TASK MATERIAL:
┌──
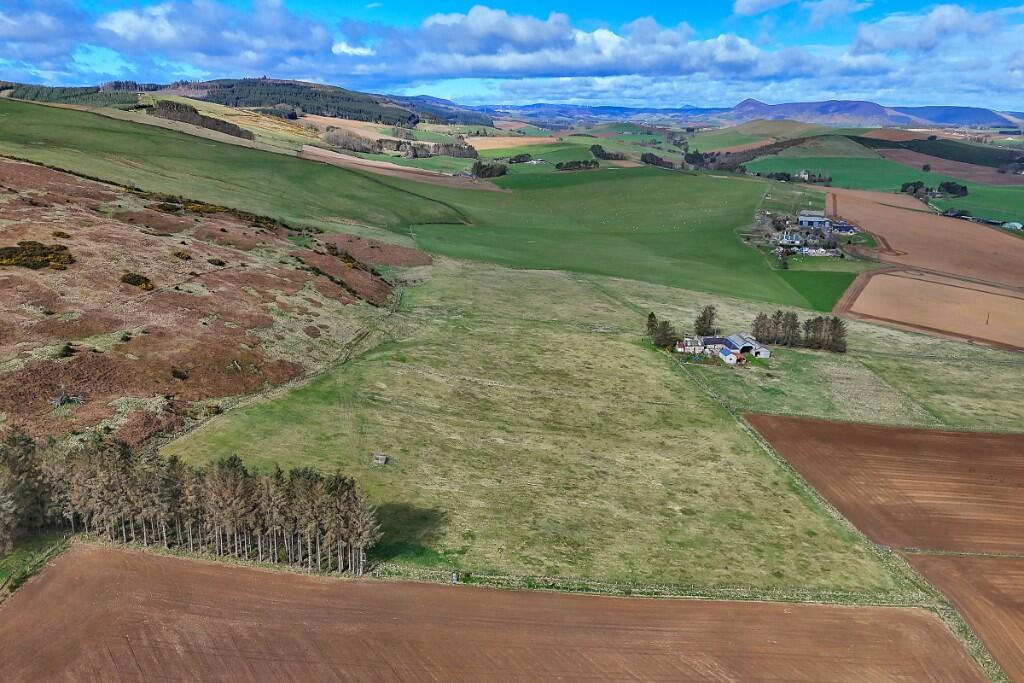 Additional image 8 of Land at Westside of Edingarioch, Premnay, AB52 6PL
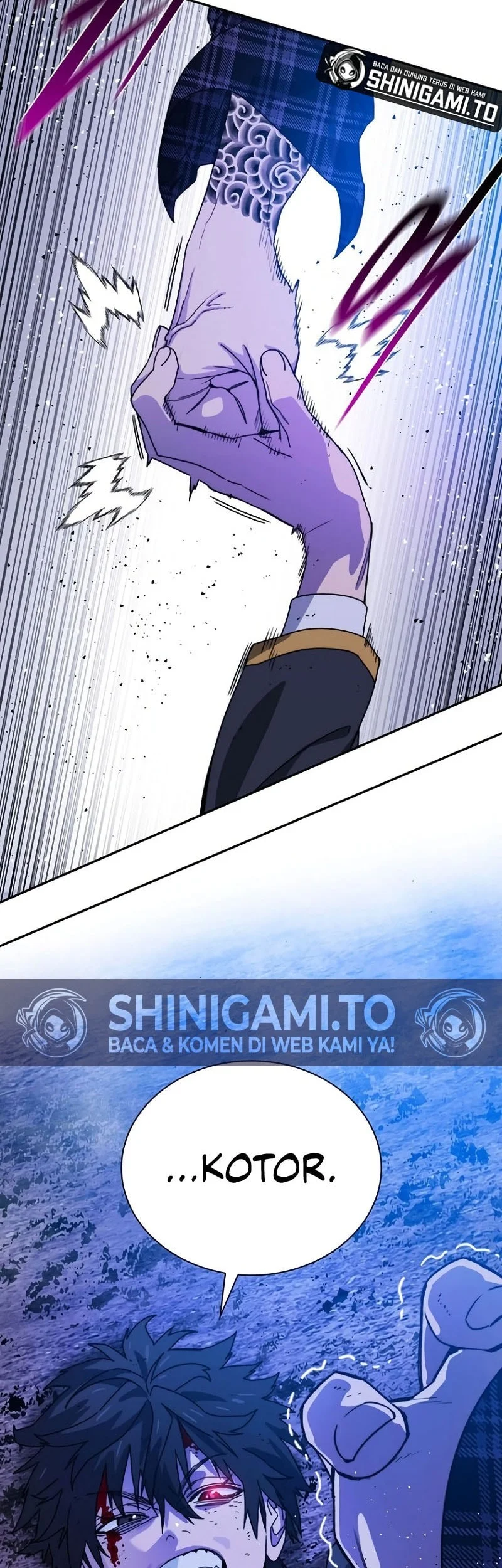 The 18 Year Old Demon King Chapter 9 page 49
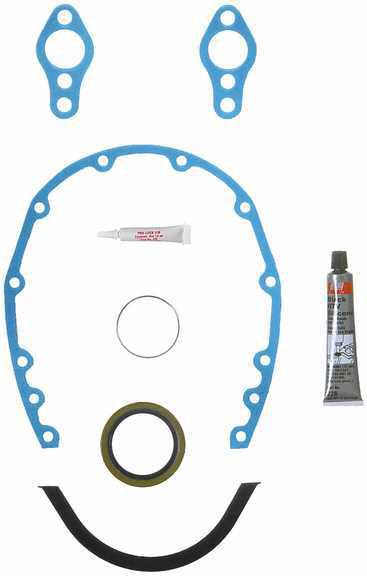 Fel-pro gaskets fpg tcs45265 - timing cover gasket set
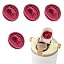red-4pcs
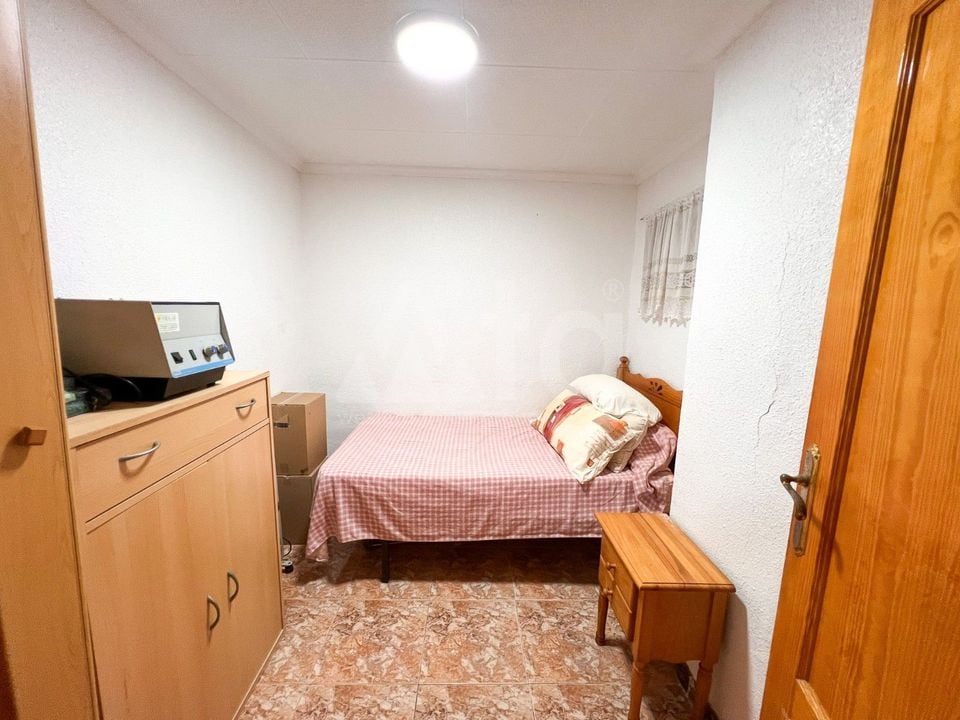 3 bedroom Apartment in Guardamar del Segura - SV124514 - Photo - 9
└──
┌──
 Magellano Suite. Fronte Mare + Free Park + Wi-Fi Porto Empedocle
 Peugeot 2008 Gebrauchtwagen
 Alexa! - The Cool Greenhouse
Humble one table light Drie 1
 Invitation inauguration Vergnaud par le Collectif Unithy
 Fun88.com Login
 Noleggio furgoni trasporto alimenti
└──
┌──
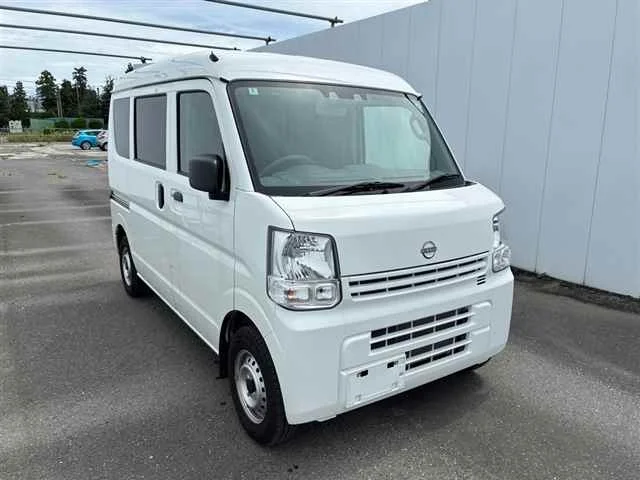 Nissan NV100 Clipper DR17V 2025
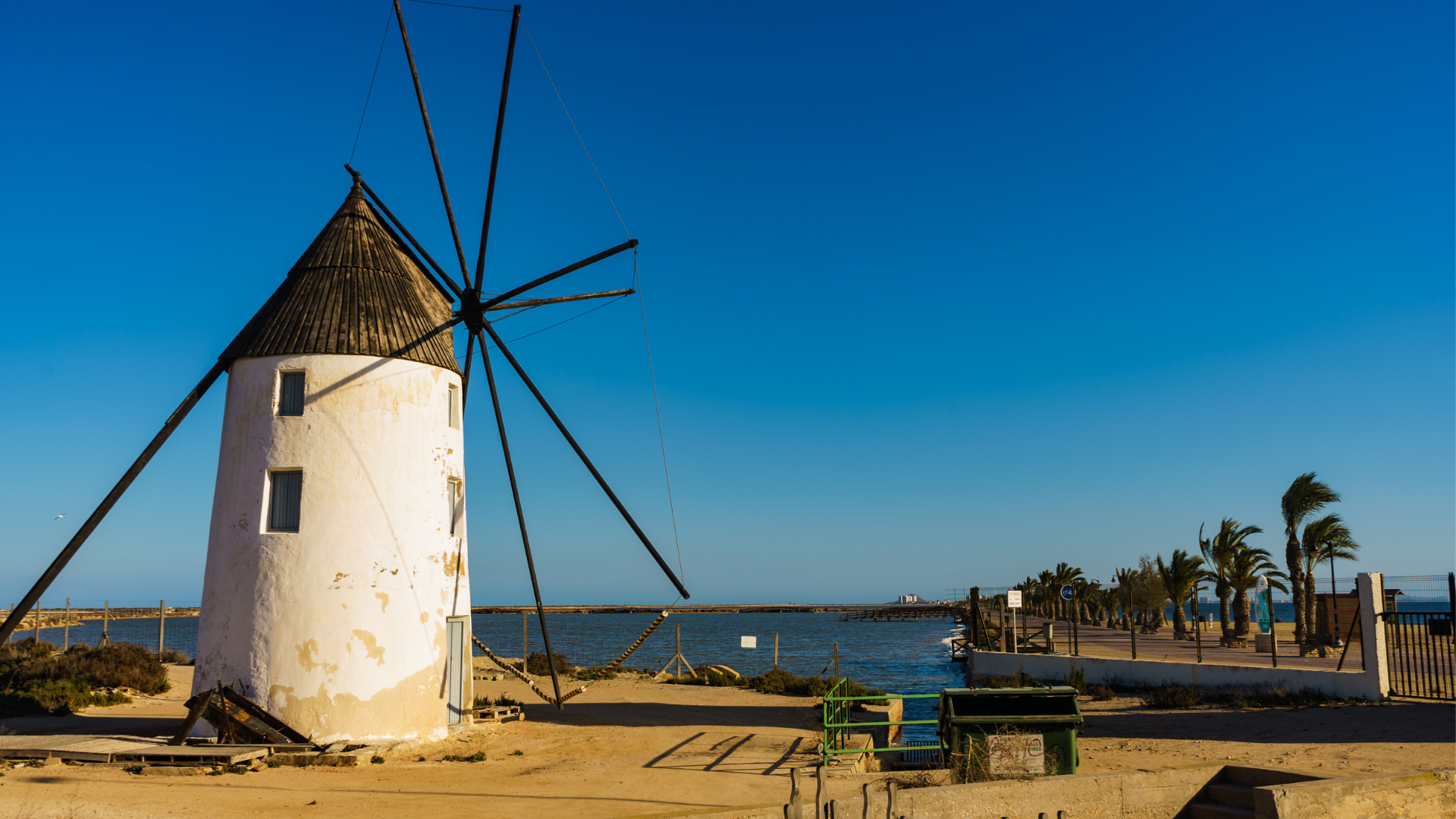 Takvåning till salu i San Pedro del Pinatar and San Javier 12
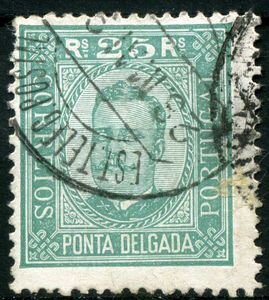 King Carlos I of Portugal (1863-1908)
└──
WHAT TO DO: From the records above, output only the lines starting at the one containing "Additional image 8" and ending at the one containing "3 bedroom Apartment", word for word. Pictures stay out.

ANSWER BOX:
 Additional image 8 of Land at Westside of Edingarioch, Premnay, AB52 6PL
 The 18 Year Old Demon King Chapter 9 page 49
 Fel-pro gaskets fpg tcs45265 - timing cover gasket set
red-4pcs
 3 bedroom Apartment in Guardamar del Segura - SV124514 - Photo - 9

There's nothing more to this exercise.